[Captioned web image data]
####################

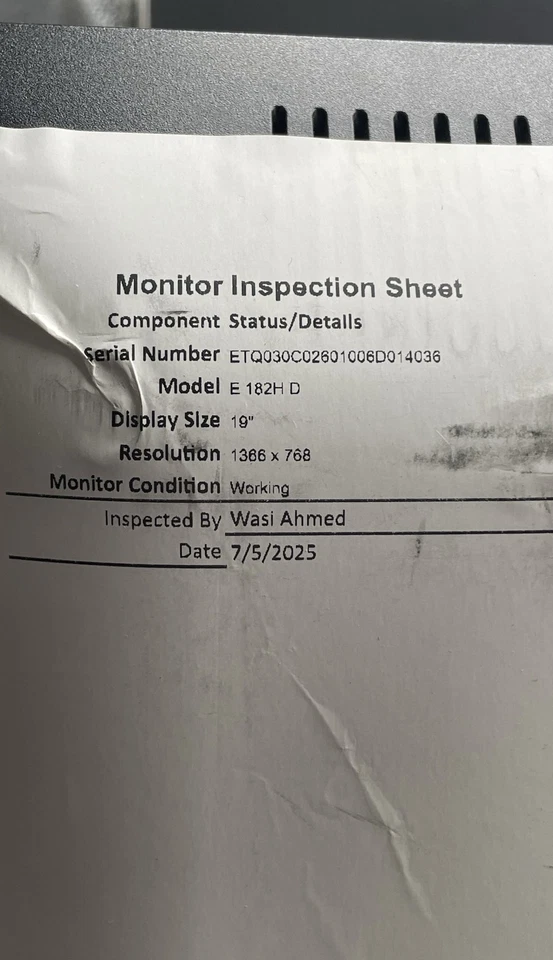 eMachines E182H D 19" LCD Monitor 1366x768 HD Widescreen Display Screen - Image 2 of 4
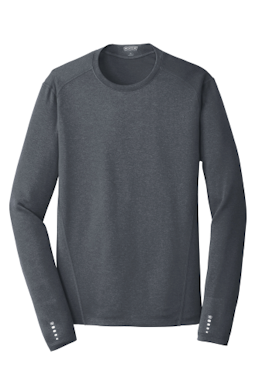 Sample of OGIO ENDURANCE Long Sleeve Pulse Crew in Gear Grey from side front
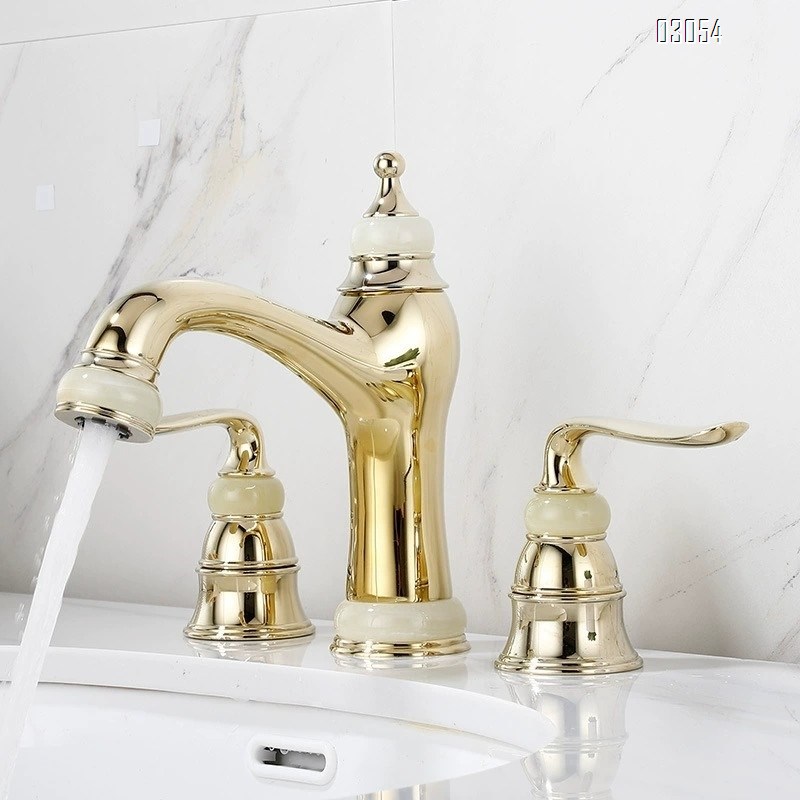 Golden bathroom sink faucet brass accessories jade stone accessories handle faucet cold and hot switch beauty
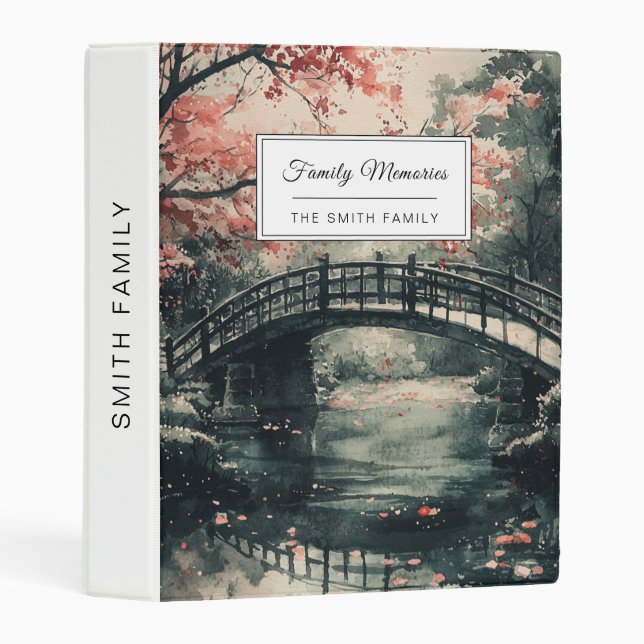 Cherry Blossom Bridge Sumi-E Landscape (1) Mini Binder (Front/Spine)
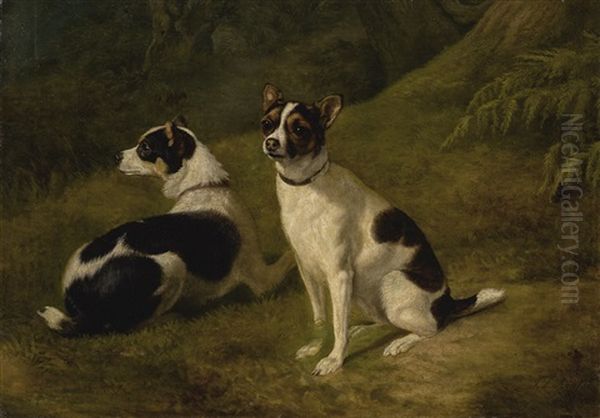 Two Terriers In A Landscape by Jacques-Laurent Agasse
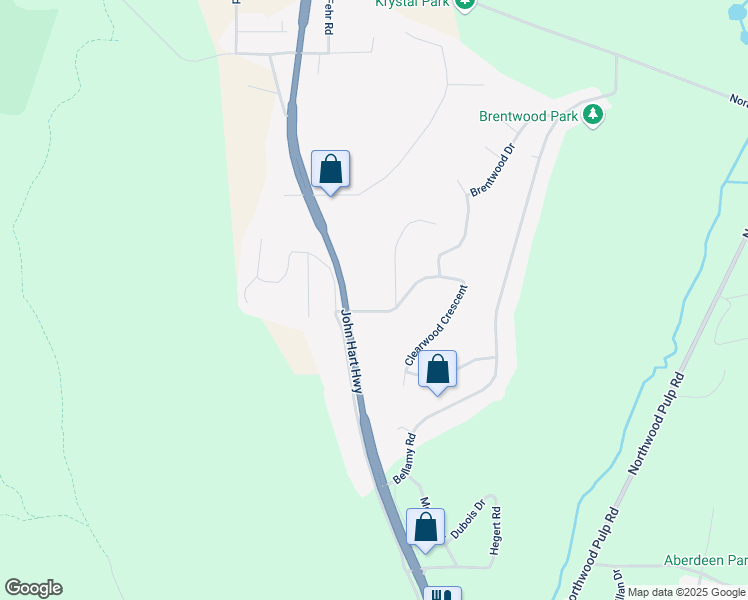 map of restaurants, bars, coffee shops, grocery stores, and more near 2164 Shady Lane in Prince George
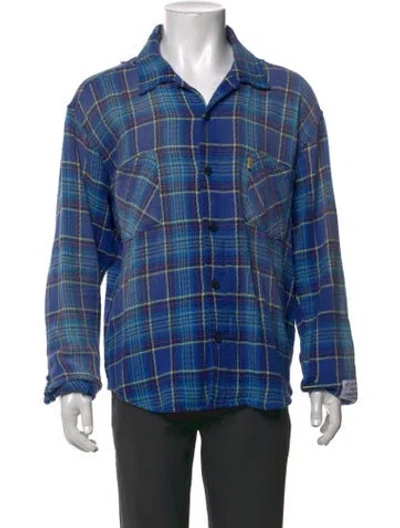 Pre-owned Gallery Dept. Plaid Flannel Plaid Print Shirt In Blue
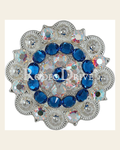 Capri & AB Bright Silver 2" European Crystal Concho on a warm cream background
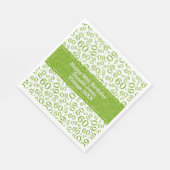 60e verjaardag nummer patroon groen en wit servet (Hoek)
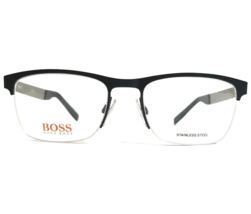 Hugo Boss Eyeglasses Frames BO 0227 92K Black Grey Square Half Rim 53-18-140 - £55.94 GBP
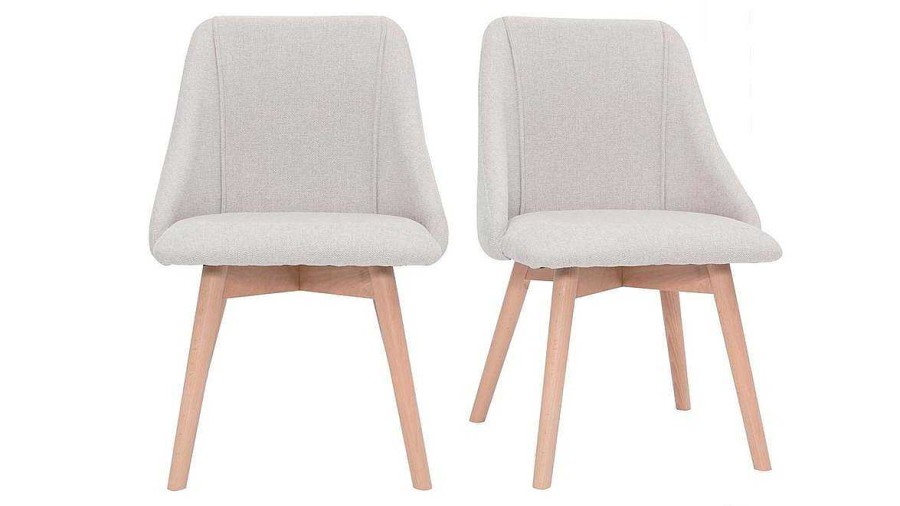 Chaise & Tabouret Miliboo Chaise Design | Chaises Scandinaves En Tissu Effet Velours Textur Beige Et Bois Clair (Lot De 2) Higgins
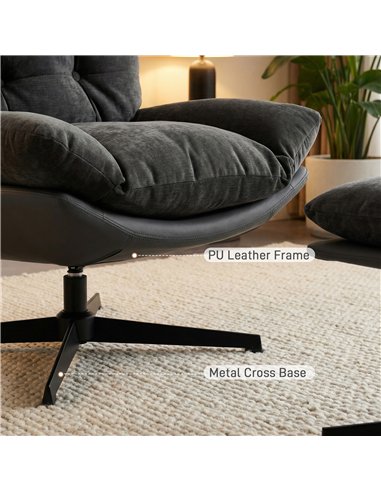HOMCOM Accent Chair with Footstool, Swivel Lounge Chair with Chenille Upholstery, Metal Base, Dark Grey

####################

**Aim of the exercise:**
I'd like every record above written out again exactly, without the pictures.

**Output for this task:**
 eMachines E182H D 19" LCD Monitor 1366x768 HD Widescreen Display Screen - Image 2 of 4
 Sample of OGIO ENDURANCE Long Sleeve Pulse Crew in Gear Grey from side front
 Golden bathroom sink faucet brass accessories jade stone accessories handle faucet cold and hot switch beauty
 Cherry Blossom Bridge Sumi-E Landscape (1) Mini Binder (Front/Spine)
 Two Terriers In A Landscape by Jacques-Laurent Agasse
 map of restaurants, bars, coffee shops, grocery stores, and more near 2164 Shady Lane in Prince George
 Pre-owned Gallery Dept. Plaid Flannel Plaid Print Shirt In Blue
 Capri & AB Bright Silver 2" European Crystal Concho on a warm cream background
 60e verjaardag nummer patroon groen en wit servet (Hoek)
 Hugo Boss Eyeglasses Frames BO 0227 92K Black Grey Square Half Rim 53-18-140 - £55.94 GBP
 Chaise & Tabouret Miliboo Chaise Design | Chaises Scandinaves En Tissu Effet Velours Textur Beige Et Bois Clair (Lot De 2) Higgins
HOMCOM Accent Chair with Footstool, Swivel Lounge Chair with Chenille Upholstery, Metal Base, Dark Grey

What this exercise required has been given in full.